● **Work request**
Go through the listing and pick out each line with the word "bedroom" in it.

● **Listed records**
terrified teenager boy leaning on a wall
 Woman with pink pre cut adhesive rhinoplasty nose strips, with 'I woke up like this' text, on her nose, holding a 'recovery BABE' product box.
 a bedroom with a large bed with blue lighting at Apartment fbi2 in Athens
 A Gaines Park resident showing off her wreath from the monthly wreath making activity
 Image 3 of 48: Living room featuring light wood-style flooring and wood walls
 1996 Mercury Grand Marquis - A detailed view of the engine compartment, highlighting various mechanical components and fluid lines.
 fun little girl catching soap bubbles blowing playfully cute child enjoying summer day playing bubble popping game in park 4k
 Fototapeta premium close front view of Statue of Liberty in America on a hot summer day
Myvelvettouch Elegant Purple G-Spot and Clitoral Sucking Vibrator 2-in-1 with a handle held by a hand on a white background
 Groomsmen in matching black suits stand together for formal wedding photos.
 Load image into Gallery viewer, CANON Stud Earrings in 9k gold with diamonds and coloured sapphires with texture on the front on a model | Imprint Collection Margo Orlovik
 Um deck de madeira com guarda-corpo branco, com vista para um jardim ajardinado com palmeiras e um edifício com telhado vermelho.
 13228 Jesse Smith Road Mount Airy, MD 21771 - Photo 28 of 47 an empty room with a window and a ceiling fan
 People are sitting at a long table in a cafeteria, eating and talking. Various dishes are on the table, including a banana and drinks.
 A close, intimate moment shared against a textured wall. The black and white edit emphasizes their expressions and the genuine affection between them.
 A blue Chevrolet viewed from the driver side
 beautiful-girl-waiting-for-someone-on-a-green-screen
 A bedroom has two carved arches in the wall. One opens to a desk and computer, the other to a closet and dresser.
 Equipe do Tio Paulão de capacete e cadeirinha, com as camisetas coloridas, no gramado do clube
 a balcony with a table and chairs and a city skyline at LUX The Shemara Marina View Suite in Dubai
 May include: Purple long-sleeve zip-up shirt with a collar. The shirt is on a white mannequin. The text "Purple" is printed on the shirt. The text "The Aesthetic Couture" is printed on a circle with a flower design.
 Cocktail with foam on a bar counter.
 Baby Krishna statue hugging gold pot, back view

● **Answer for the task**
 a bedroom with a large bed with blue lighting at Apartment fbi2 in Athens
 A bedroom has two carved arches in the wall. One opens to a desk and computer, the other to a closet and dresser.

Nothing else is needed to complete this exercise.